However, for any emerging coach they need to focus on other factors as a measure of success, according to Sharee.

“If the athletes are setting PB’s and can see an improvement, it means the athlete is happy and that you are doing good work as a coach,” she explains.

Continue to learn

Sharee has never become complacent in her learning and has always sought more knowledge. Whether that has been undertaking courses, attending coaching conferences or chatting to other experts her thirst for learning is constant.

“As a coach you are always looking to develop,” she explains. “Aspects of coaching can change year from year, although attending the IAAF course is more than simply about absorbing technical information. You learn so much from both the course tutors and the other attending coaches. On the IAAF Level 2 course, I learned so much from the likes of (two-time Olympic champion) Dame Valerie Adams, who was taking the course herself and was also part of a leadership seminar.”

Find a mentor

Based down in the Hawkes Bay, Sharee has found it difficult to identify a regular mentor to help guide her career.
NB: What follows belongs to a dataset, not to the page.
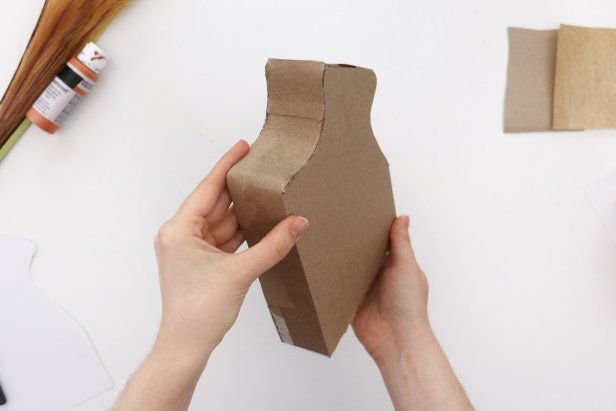 If needed, glue the excess cardboard from the previous step to the other side to extend it. Glue that side in place the same way.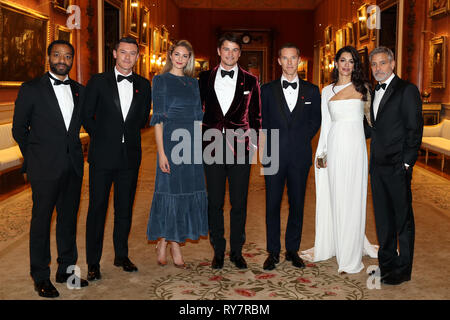 (left to right) Chiwetel Ejiofor, Luke Evans, Tamsin Egerton, Josh Hartnett, Benedict Cumberbatch, Amal Clooney and George Clooney at a dinner for donors, supporters and ambassadors of Prince's Trust International at Buckingham Palace in London. Stock Photo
She occasionally speaks to Masterton-based coach Mark Harris, who acts as a sounding board, but acknowledges that Athletics NZ understand the importance of this and also recognise the value.

“The demographics of being in the Hawkes Bay means I’m flying solo at the moment and sometimes this makes it hard to know if you are always on the right track,” she explains. “As a developing coach, it would be great to find that mentor.”

Enjoy watching others grow

Being a coach demands a particular mindset but for Sharee the pleasure she garners from watching athletes develop and enhance their skills is worth its weight in gold.

“It is rewarding path to know that if I have knowledge that I can pass it on to others,” she explains. “Another motivation for me is many of the youngsters I develop eventually leave the Bay to go to university but a big motivation for me is that they will continue to throw and that one day they will return and pass on to others the knowledge I have given them.”